### Problem details:
The lines to be copied run from the one containing "Delegace československých žen" to the end of the material below; reproduce them exactly, including both ends, and nothing more.
----- Data for processing
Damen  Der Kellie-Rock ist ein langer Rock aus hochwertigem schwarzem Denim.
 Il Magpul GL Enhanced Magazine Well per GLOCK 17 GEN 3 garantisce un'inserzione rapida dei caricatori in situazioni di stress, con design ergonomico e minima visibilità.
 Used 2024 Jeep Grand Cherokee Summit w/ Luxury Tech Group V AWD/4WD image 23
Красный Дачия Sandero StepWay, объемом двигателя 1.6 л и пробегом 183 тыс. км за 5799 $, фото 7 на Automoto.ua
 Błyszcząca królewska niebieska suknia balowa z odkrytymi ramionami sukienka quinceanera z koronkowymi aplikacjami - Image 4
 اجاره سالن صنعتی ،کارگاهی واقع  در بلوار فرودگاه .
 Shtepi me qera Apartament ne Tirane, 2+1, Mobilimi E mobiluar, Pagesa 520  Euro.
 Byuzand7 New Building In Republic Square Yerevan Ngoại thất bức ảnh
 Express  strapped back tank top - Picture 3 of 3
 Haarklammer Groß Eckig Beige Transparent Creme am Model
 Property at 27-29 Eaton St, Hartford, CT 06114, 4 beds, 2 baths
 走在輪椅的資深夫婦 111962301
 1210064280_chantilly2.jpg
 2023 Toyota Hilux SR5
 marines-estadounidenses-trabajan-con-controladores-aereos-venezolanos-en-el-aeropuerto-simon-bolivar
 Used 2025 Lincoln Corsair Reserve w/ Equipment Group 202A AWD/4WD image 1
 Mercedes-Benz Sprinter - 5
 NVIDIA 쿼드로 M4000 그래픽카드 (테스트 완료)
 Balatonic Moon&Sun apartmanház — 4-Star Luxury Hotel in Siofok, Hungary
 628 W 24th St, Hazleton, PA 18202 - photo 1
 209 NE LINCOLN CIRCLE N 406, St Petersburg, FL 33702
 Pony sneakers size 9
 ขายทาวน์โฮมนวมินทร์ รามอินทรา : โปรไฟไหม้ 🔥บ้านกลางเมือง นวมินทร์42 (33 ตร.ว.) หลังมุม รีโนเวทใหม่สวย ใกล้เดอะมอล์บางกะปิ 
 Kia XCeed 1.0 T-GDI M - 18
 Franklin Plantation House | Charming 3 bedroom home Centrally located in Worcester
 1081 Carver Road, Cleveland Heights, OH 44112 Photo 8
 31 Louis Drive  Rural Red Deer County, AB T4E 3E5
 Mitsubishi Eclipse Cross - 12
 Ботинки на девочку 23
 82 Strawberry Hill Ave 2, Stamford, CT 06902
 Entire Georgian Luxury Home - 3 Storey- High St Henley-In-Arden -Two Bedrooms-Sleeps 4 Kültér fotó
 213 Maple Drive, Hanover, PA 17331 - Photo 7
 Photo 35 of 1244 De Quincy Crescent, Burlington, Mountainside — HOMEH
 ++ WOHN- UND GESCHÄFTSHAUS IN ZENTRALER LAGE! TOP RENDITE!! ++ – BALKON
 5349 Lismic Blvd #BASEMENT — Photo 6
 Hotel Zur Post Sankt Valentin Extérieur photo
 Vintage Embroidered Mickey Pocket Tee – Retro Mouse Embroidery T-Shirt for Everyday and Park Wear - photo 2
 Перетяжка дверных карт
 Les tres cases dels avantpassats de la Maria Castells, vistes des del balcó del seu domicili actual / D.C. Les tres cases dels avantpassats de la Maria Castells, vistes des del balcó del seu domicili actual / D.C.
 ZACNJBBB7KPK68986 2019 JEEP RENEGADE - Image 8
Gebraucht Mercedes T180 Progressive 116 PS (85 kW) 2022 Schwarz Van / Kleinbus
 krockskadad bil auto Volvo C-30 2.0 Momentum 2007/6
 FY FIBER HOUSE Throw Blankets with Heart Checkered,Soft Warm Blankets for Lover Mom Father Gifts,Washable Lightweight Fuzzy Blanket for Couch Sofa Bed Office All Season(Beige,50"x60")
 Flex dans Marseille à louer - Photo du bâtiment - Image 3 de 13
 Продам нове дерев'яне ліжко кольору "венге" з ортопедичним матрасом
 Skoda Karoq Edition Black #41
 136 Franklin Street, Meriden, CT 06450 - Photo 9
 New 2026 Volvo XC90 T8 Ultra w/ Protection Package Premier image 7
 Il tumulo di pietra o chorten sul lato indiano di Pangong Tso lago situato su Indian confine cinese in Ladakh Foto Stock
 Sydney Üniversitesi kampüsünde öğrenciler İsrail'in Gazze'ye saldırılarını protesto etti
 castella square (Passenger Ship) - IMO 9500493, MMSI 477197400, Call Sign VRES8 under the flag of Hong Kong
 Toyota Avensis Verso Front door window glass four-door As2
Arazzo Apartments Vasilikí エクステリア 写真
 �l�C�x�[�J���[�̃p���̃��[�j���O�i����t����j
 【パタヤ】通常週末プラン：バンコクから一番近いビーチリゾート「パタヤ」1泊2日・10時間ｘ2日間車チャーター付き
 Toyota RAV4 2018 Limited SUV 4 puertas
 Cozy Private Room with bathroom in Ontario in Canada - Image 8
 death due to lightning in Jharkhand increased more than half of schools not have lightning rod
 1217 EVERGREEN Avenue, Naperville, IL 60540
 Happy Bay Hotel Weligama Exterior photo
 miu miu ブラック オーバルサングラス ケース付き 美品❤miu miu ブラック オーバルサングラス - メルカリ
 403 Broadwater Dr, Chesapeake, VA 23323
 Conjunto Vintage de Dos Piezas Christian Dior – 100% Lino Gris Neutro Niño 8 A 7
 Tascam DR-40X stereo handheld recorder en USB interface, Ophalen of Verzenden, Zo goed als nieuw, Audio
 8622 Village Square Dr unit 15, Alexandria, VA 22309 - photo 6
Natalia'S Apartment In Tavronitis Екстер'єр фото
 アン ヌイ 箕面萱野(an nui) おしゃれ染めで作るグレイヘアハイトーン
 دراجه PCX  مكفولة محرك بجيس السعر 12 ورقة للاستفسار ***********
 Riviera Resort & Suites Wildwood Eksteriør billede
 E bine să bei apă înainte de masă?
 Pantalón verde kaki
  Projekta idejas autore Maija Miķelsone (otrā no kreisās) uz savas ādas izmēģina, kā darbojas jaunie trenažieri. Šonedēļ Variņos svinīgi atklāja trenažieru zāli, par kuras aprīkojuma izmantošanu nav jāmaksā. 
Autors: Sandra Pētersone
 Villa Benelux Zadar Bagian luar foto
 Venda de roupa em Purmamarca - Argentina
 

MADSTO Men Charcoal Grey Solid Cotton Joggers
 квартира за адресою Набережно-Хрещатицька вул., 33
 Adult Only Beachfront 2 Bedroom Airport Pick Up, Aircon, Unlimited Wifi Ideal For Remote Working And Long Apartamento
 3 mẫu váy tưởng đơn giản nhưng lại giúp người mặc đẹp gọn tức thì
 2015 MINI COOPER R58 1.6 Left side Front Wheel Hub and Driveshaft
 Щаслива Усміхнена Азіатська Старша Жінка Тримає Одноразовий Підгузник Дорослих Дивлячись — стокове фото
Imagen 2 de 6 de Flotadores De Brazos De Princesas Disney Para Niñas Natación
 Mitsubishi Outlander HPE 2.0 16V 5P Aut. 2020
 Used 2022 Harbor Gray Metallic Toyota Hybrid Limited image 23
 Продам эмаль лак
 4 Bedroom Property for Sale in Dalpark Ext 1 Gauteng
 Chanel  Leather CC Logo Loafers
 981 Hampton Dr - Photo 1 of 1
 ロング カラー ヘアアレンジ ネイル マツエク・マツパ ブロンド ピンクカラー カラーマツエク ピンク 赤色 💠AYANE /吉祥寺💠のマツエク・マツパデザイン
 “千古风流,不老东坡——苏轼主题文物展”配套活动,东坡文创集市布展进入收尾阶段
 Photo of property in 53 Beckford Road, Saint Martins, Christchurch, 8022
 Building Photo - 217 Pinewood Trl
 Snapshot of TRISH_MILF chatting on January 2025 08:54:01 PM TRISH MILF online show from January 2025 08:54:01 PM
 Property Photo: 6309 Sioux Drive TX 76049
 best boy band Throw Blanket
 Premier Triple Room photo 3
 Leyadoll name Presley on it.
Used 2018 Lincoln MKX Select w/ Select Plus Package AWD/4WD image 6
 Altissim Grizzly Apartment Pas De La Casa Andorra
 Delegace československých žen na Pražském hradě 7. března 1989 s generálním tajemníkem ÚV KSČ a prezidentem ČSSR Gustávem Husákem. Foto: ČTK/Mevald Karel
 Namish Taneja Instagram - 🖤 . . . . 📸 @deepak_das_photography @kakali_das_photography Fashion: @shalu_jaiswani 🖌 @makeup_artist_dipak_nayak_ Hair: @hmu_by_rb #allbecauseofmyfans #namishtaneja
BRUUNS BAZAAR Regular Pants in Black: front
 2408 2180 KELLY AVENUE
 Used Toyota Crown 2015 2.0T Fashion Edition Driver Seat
----------
### Task answer:
 Delegace československých žen na Pražském hradě 7. března 1989 s generálním tajemníkem ÚV KSČ a prezidentem ČSSR Gustávem Husákem. Foto: ČTK/Mevald Karel
 Namish Taneja Instagram - 🖤 . . . . 📸 @deepak_das_photography @kakali_das_photography Fashion: @shalu_jaiswani 🖌 @makeup_artist_dipak_nayak_ Hair: @hmu_by_rb #allbecauseofmyfans #namishtaneja
BRUUNS BAZAAR Regular Pants in Black: front
 2408 2180 KELLY AVENUE
 Used Toyota Crown 2015 2.0T Fashion Edition Driver Seat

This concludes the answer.